=== Data provided ===
::::

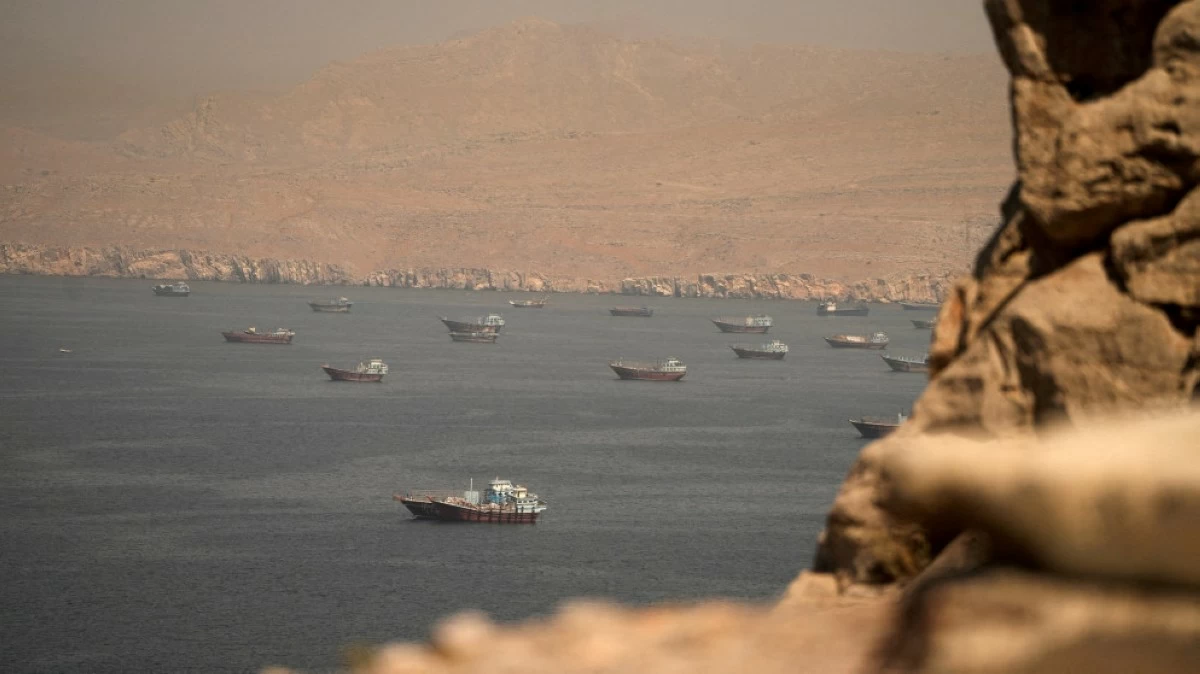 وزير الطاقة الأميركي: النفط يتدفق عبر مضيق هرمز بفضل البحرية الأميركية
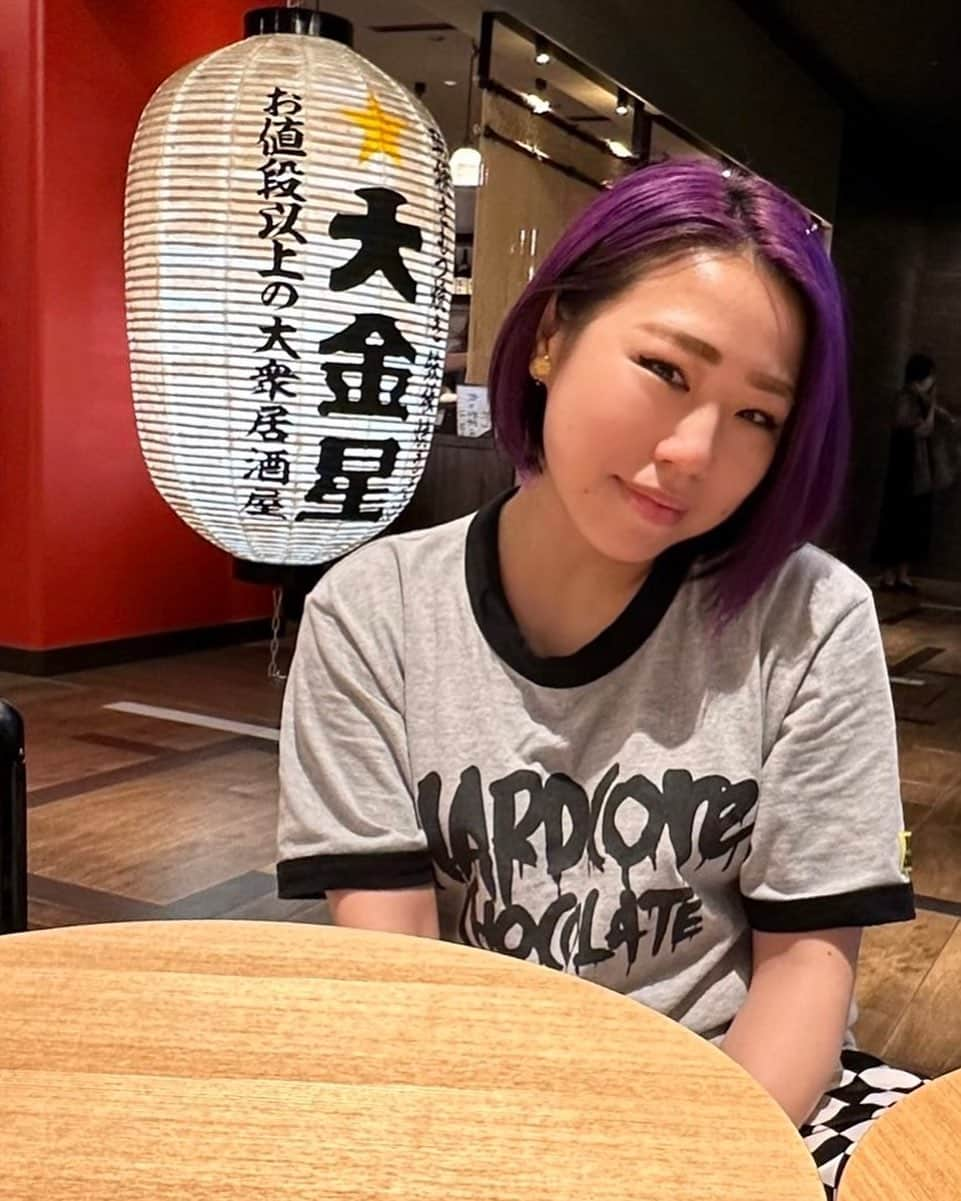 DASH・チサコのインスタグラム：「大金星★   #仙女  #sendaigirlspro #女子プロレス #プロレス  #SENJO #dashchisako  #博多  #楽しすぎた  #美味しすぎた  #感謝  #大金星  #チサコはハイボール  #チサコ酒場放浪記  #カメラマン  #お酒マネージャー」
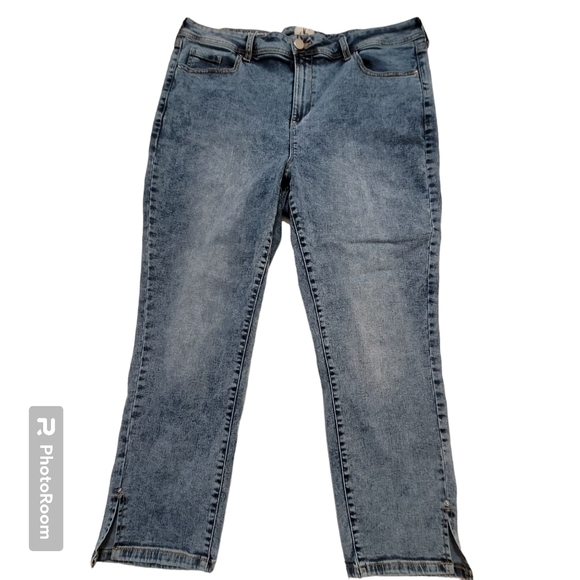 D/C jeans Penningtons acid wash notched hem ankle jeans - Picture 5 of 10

::::

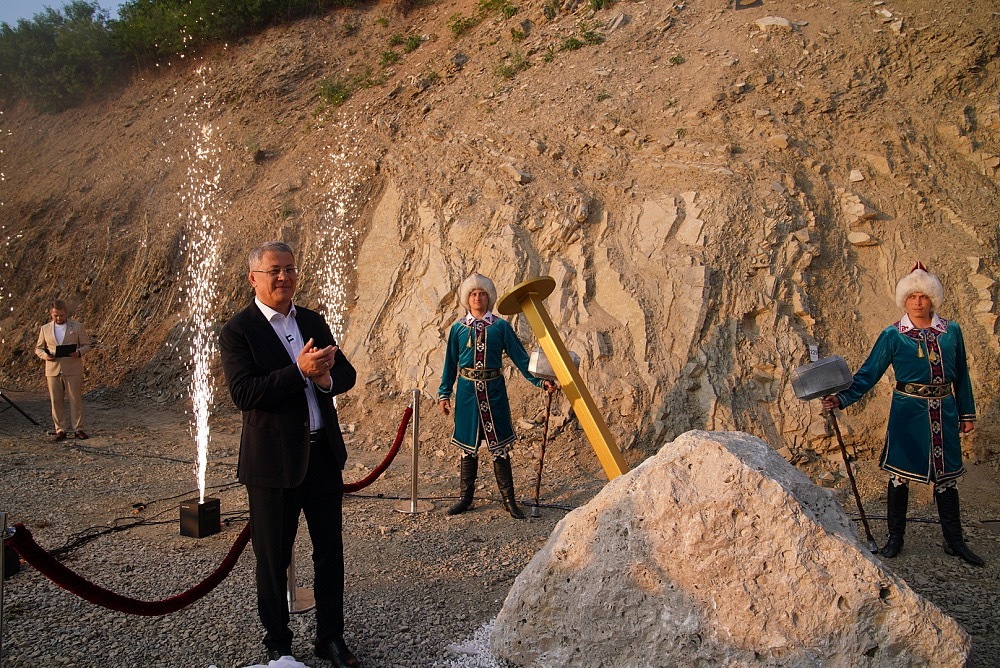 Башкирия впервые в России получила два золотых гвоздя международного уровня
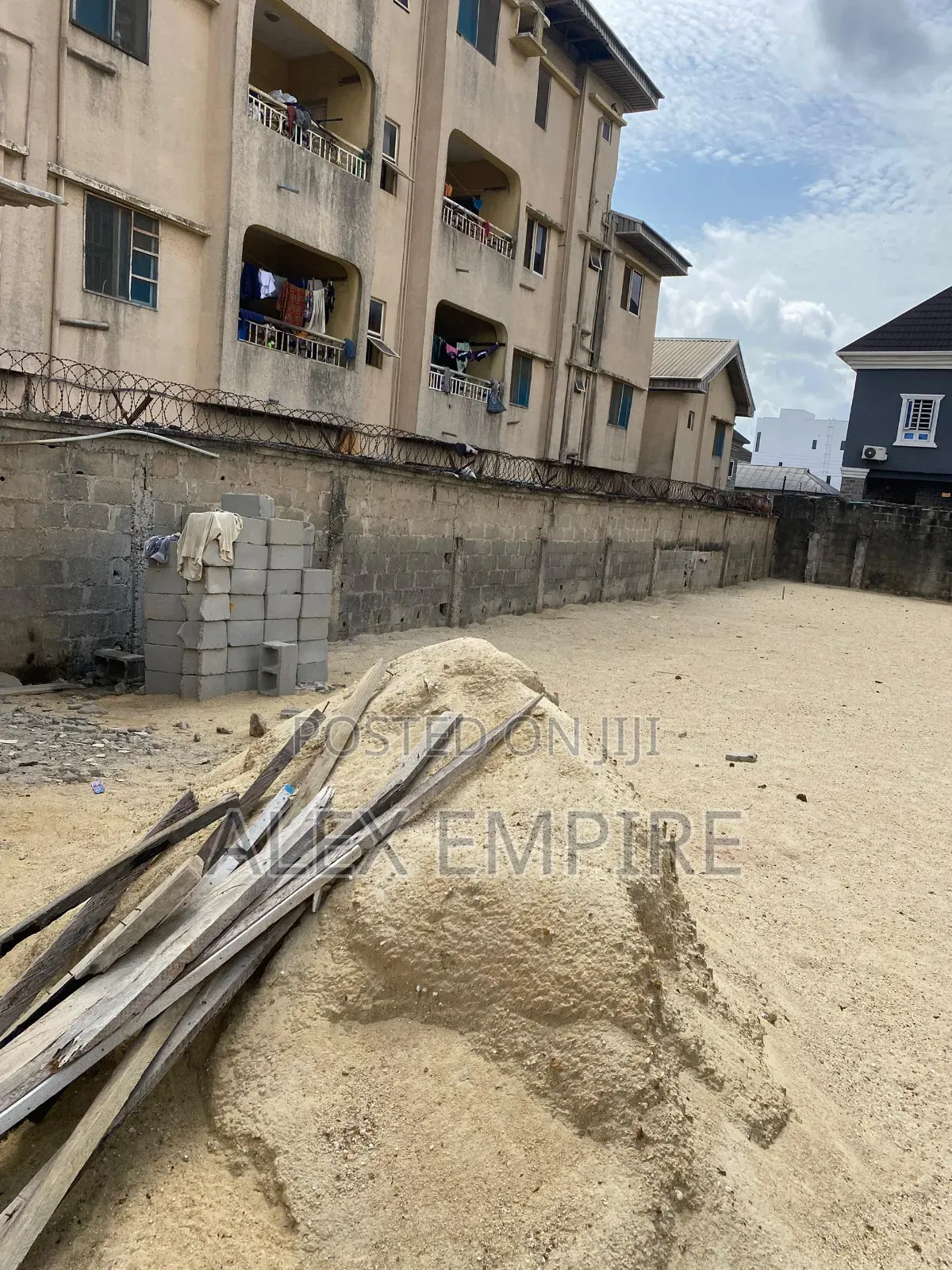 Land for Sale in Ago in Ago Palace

::::

Above are the records; restate exactly the lines from the one containing "#sendaigirlspro #女子プロレス #プロレス" through the one containing "D/C jeans Penningtons", keeping pictures out.

=== Solution to this task ===
 DASH・チサコのインスタグラム：「大金星★   #仙女  #sendaigirlspro #女子プロレス #プロレス  #SENJO #dashchisako  #博多  #楽しすぎた  #美味しすぎた  #感謝  #大金星  #チサコはハイボール  #チサコ酒場放浪記  #カメラマン  #お酒マネージャー」
 D/C jeans Penningtons acid wash notched hem ankle jeans - Picture 5 of 10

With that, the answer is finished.